A Reuters poll of 15 economists analysts found yesterday they had lowered their median forecast for Saudi gross domestic product in 2017 to a fall of 0.5%.
In the previous poll, conducted in July, they had predicted expansion of 0.1%.
It would be the first annual contraction of the Saudi economy since the global financial crisis in 2009, according to International Monetary Fund data, and could raise concern about the kingdom’s economic reform programme.
A privatisation scheme and other reforms aim to reduce reliance on oil exports by igniting private sector growth.
But spending cuts and tax rises to cut the huge state budget deficit are weighing heavily on the private sector.
The analysts in the Reuters poll have become significantly more gloomy about Saudi growth than the IMF, which expects the economy to expand 0.1% this year.
But a senior IMF official conceded last week that its forecast might be difficult to achieve because of an unexpectedly weak non-oil sector.

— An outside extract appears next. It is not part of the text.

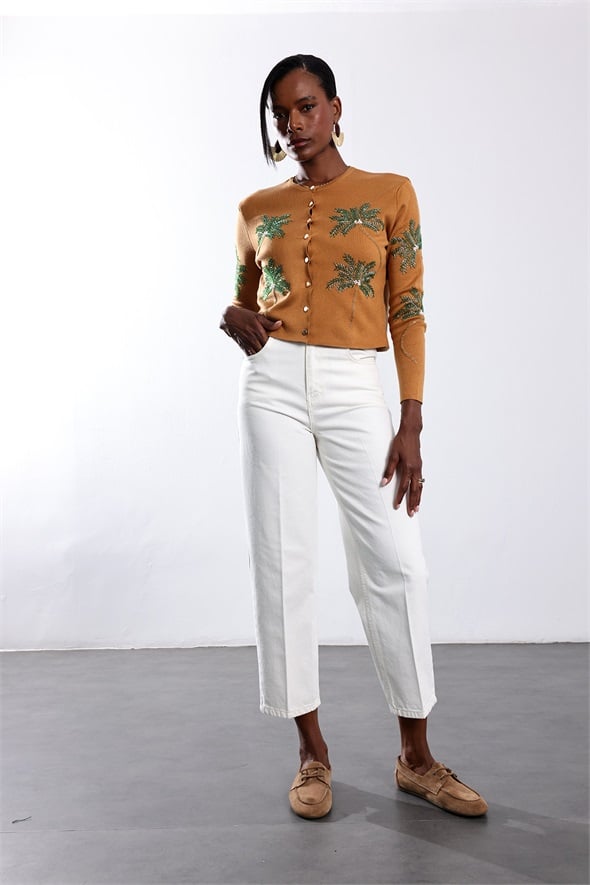 Ekru Kemerli Baggy Jean 3010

Next year, the Saudi economy is expected to grow 1.3%, instead of the 1.9% projected in the previous poll, the analysts said.

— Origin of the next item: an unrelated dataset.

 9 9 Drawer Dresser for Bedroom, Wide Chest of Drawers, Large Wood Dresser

They expect growth to rise further to 2.0% in 2019.
The Saudi slump is partly due to lower oil output; the kingdom has cut production this year under an international deal to prop up prices.
The deal runs through next March, but producers are discussing whether to extend it.
A deeper-than-expected slowdown in the non-oil private sector is also dragging on the economy, however.
New private investment has largely halted and the non-oil sector expanded just 0.6% from a year ago in the second quarter of 2017.
“Our GDP Tracker suggests that the downturn deepened further at the start of Q3,” said Jason Tuvey, Middle East economist at London-based Capital Economics, which now expects a contraction of 1.3% for the whole year.
He added, “The drag from the oil sector seems to have intensified, while the non-oil sector lost a bit of momentum.”
Publicly, Saudi policymakers insist the economy is healthy and that growth will pick up. But Tuvey said they would be concerned that a slight easing of austerity in the second quarter – a reversal of cuts to civil servants’ benefits – had not boosted the non-oil sector.
That may force authorities to ease austerity further, possibly by holding off on domestic fuel and electricity price hikes originally planned for this year.
Officials are considering whether to go ahead with the hikes.
The Reuters poll also predicted Saudi Arabia’s government would run a fiscal deficit of 8.1% of GDP this year – a big improvement from 12.3% last year, according to Saudi data, but still much too large to sustain in the long term.
The deficit will shrink only slowly to 7.5% next year and 7.3% in 2019, the poll forecast, suggesting Riyadh is unlikely to hit its publicly stated goal of eliminating the deficit by 2020.